(Stored entries)
□ □ □ □ □ □ □

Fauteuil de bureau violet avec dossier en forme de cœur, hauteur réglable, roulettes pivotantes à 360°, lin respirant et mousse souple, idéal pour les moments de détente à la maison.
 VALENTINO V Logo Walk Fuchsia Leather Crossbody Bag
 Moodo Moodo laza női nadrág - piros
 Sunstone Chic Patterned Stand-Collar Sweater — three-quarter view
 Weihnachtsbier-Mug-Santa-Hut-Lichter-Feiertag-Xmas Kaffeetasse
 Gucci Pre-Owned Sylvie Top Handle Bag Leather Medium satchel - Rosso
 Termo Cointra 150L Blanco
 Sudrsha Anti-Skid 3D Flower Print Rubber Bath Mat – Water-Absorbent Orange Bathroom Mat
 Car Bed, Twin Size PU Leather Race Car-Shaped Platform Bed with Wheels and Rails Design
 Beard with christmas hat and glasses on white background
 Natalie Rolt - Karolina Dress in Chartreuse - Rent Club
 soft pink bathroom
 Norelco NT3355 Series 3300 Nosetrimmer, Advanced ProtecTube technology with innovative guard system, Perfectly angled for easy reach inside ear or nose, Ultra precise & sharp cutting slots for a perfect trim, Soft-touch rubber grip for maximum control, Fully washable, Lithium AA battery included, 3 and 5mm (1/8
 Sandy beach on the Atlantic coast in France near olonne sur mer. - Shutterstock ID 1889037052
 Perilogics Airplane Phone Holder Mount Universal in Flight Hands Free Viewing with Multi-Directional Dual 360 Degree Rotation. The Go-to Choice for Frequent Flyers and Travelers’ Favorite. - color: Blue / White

□ □ □ □ □ □ □

◆ **Work request**:
Transcribe the data exactly.

◆ **Task solution**:
Fauteuil de bureau violet avec dossier en forme de cœur, hauteur réglable, roulettes pivotantes à 360°, lin respirant et mousse souple, idéal pour les moments de détente à la maison.
 VALENTINO V Logo Walk Fuchsia Leather Crossbody Bag
 Moodo Moodo laza női nadrág - piros
 Sunstone Chic Patterned Stand-Collar Sweater — three-quarter view
 Weihnachtsbier-Mug-Santa-Hut-Lichter-Feiertag-Xmas Kaffeetasse
 Gucci Pre-Owned Sylvie Top Handle Bag Leather Medium satchel - Rosso
 Termo Cointra 150L Blanco
 Sudrsha Anti-Skid 3D Flower Print Rubber Bath Mat – Water-Absorbent Orange Bathroom Mat
 Car Bed, Twin Size PU Leather Race Car-Shaped Platform Bed with Wheels and Rails Design
 Beard with christmas hat and glasses on white background
 Natalie Rolt - Karolina Dress in Chartreuse - Rent Club
 soft pink bathroom
 Norelco NT3355 Series 3300 Nosetrimmer, Advanced ProtecTube technology with innovative guard system, Perfectly angled for easy reach inside ear or nose, Ultra precise & sharp cutting slots for a perfect trim, Soft-touch rubber grip for maximum control, Fully washable, Lithium AA battery included, 3 and 5mm (1/8
 Sandy beach on the Atlantic coast in France near olonne sur mer. - Shutterstock ID 1889037052
 Perilogics Airplane Phone Holder Mount Universal in Flight Hands Free Viewing with Multi-Directional Dual 360 Degree Rotation. The Go-to Choice for Frequent Flyers and Travelers’ Favorite. - color: Blue / White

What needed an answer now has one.